The Aral Sea level has dropped about 20m since 1960, primarily as a result of increased diversions from the Amudarya and Syrdarya rivers for irrigation purposes.
The influence of human activities in the Aral, unlike the situation with Lake Chad, has been the major reason behind the declining sea level over the part 40 years or so. The water of the two major rivers that feed the Aral Sea has increasingly been diverted away from the sea are directed toward the desert soils primarily for cotton production. Combining this reduction of flow into the sea with high evaporation rates and low precipitation levels over the sea, the level of the sea had to drop.
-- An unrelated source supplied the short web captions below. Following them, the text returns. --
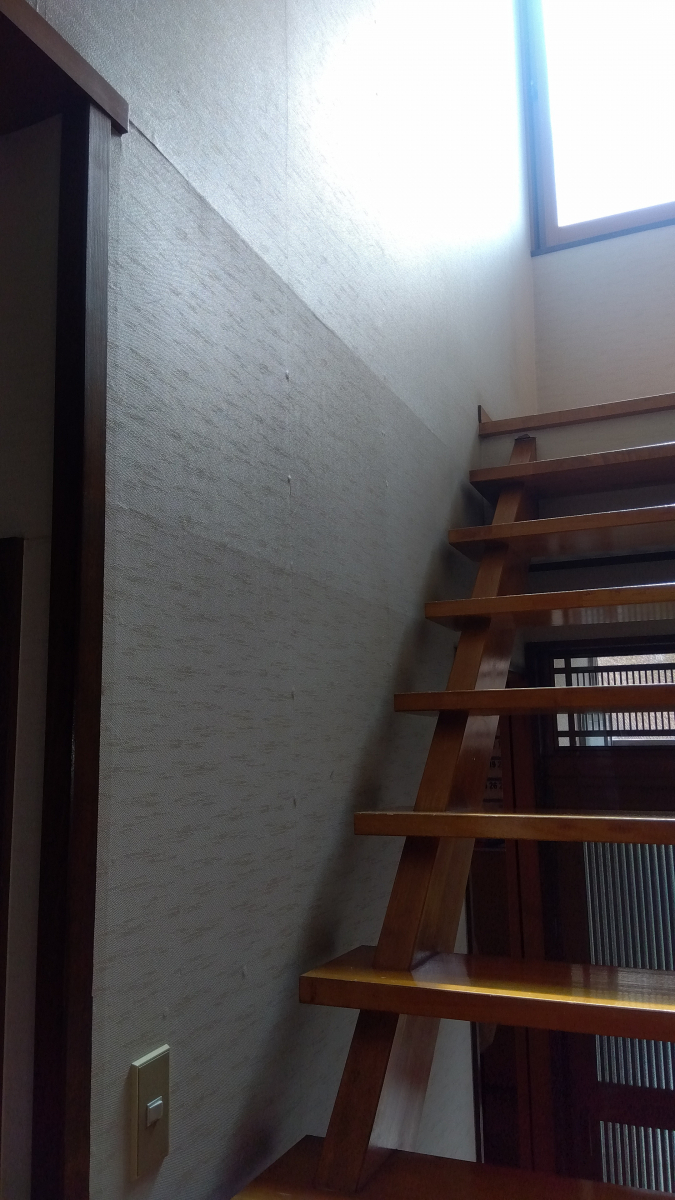 ハオス本店のマドのリフォーム工事のついでに手すり取付の施工前の写真1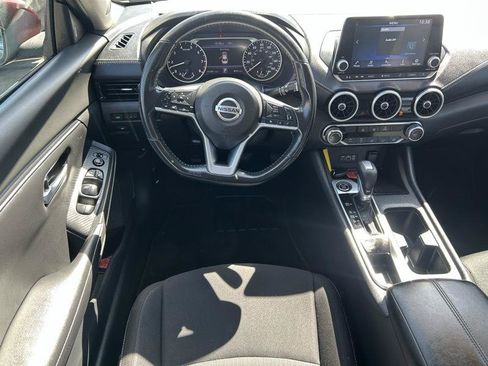 Used 2022 Nissan Sentra SV FWD image 9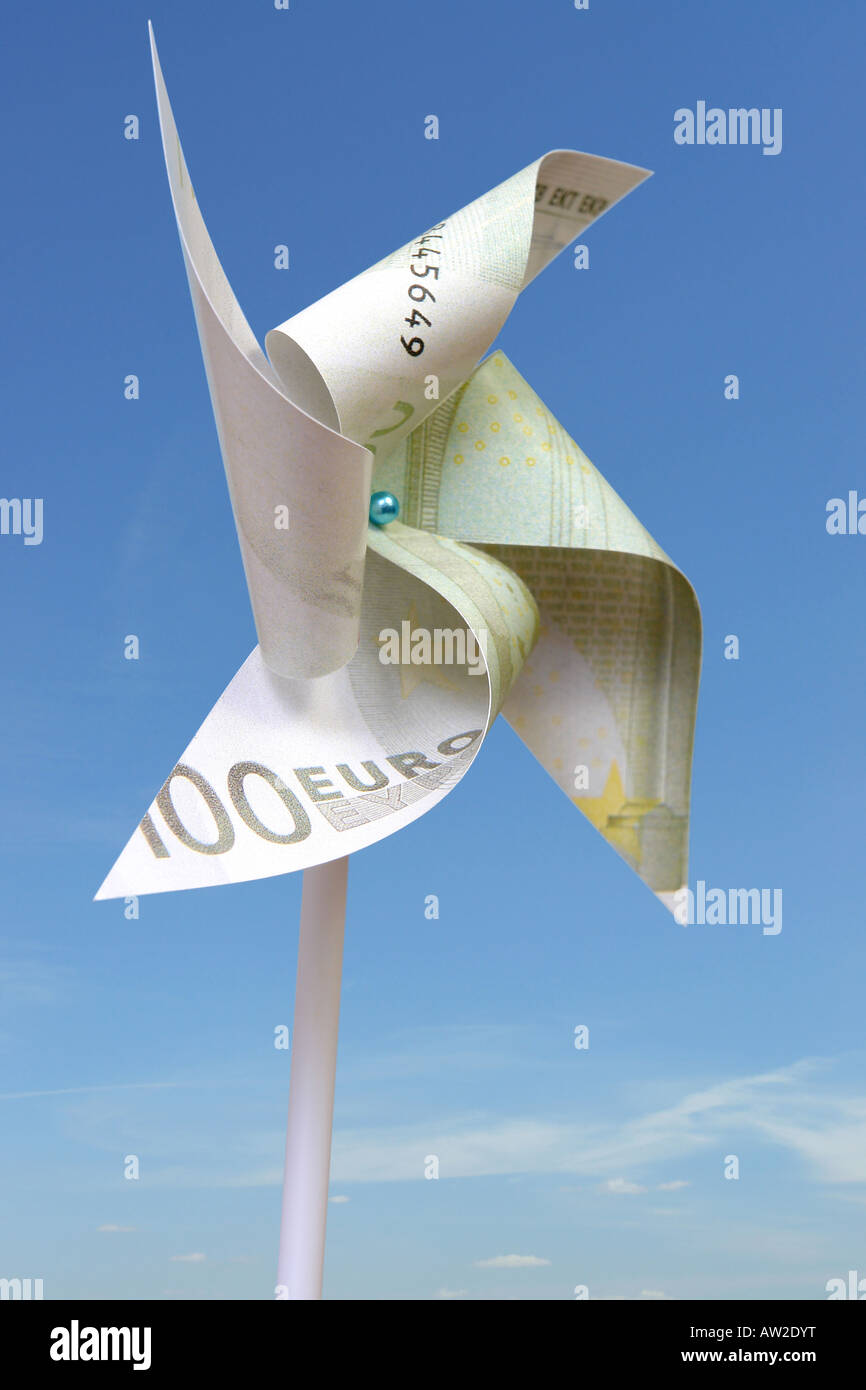 Spielzeug-Windmühle Schnitt von 100 Euro-Banknote über blauen Himmel Stockfoto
Kazakhstan's leaders decided to save the northern part of the Aral, called the Little Aral. The larger Aral to the south has since divided into eastern and western parts with the shallow eastern part on the edge of complete desiccation. The lucrative commercial fishing industry that once supported 60,000 people had been brought to a halt, as the quality and quantity of the seawater changed for the worse and the commercial fish populations disappeared. Poverty and out migration increased, as did illness and desertification processes in the region surrounding the sea. Salinity of the irrigated soils has been a major problem leading at first to an increase in the amount of water needed to flush the salts from the soil and in many cases to land abandonment followed by an increase in the number of dust storms.
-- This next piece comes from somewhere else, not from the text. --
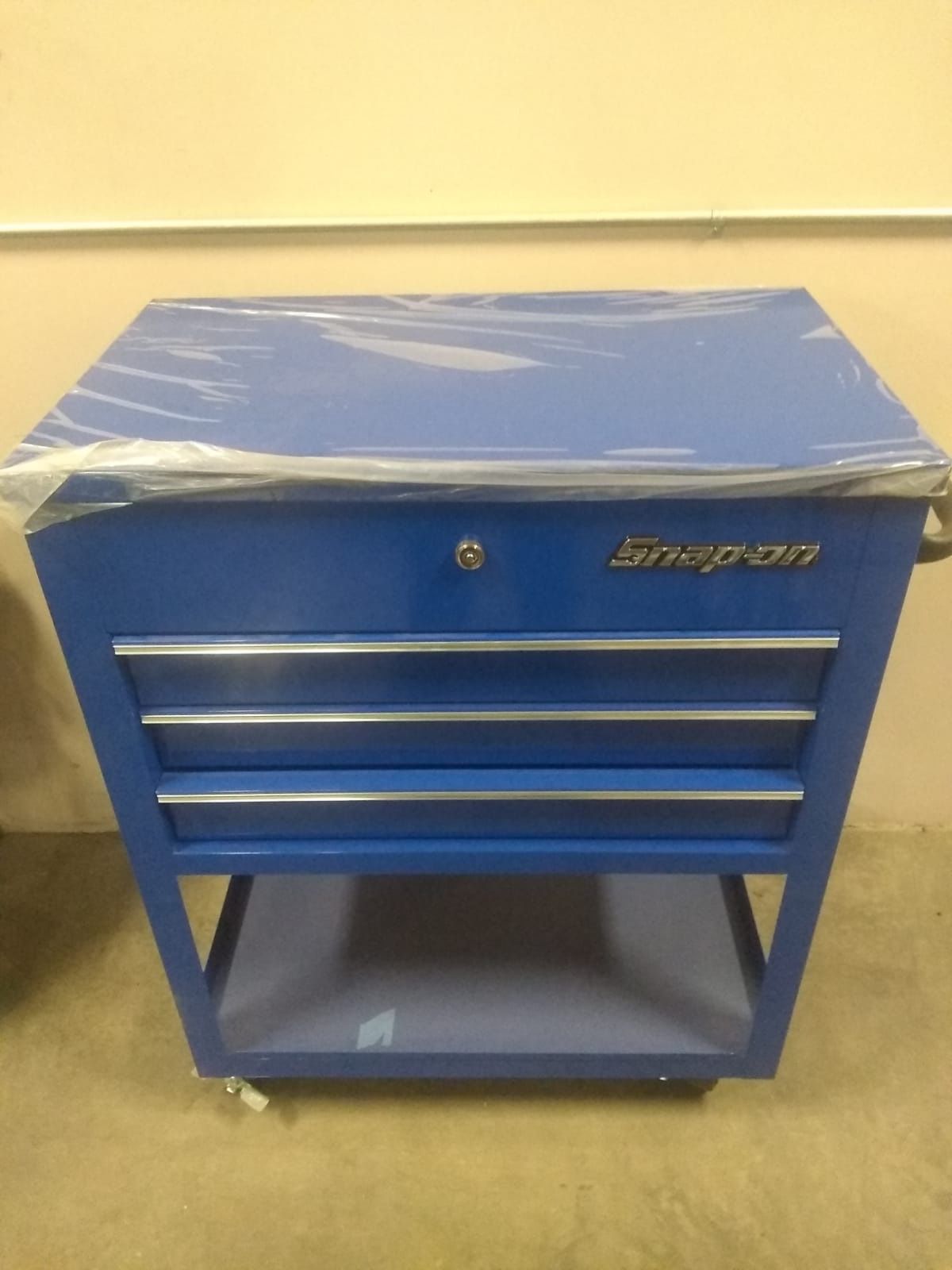 Tool box snap on. Good condition $700 obo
The demise of these two lakes in different parts of the globe can be very instructive. One of the lakes has pretty much disappeared as a result of human factors (the Aral) and the other is disappearing as the combined result of overuse of river water and of a drier climate regime. While it is not too late to correct the situation in the Lake Chad region, it is likely too late for the Aral as the economy of Uzbekistan is over dependent on river diversions for cotton production. Many of the processes in both lake regions involving humans have been similar: out migration, land abandonment, loss of wetlands, loss of flora and fauna, desertification, invasion of unwanted species, loss of livelihoods, increases in irrigation, and so forth.
If they have not already done so, it may be wise for the managers of the Lake Chad basin to revisit the recent demise of the Aral Sea in order to gain a better glimpse of where their lake ecosystem and people dependent on it are headed, under a "business as usual scenario," that is, if there is no change in the direction of current water use decisions.
These two lake situations reinforce my belief that when it comes to environmental changes the future for some places already exists elsewhere on the globe. The Aral scenario seems to be Lake Chad's future. The big question that demands an honest answer is this: Do the governments associated with the Lake Chad basin's water supply and demand situation care enough to save the Lake?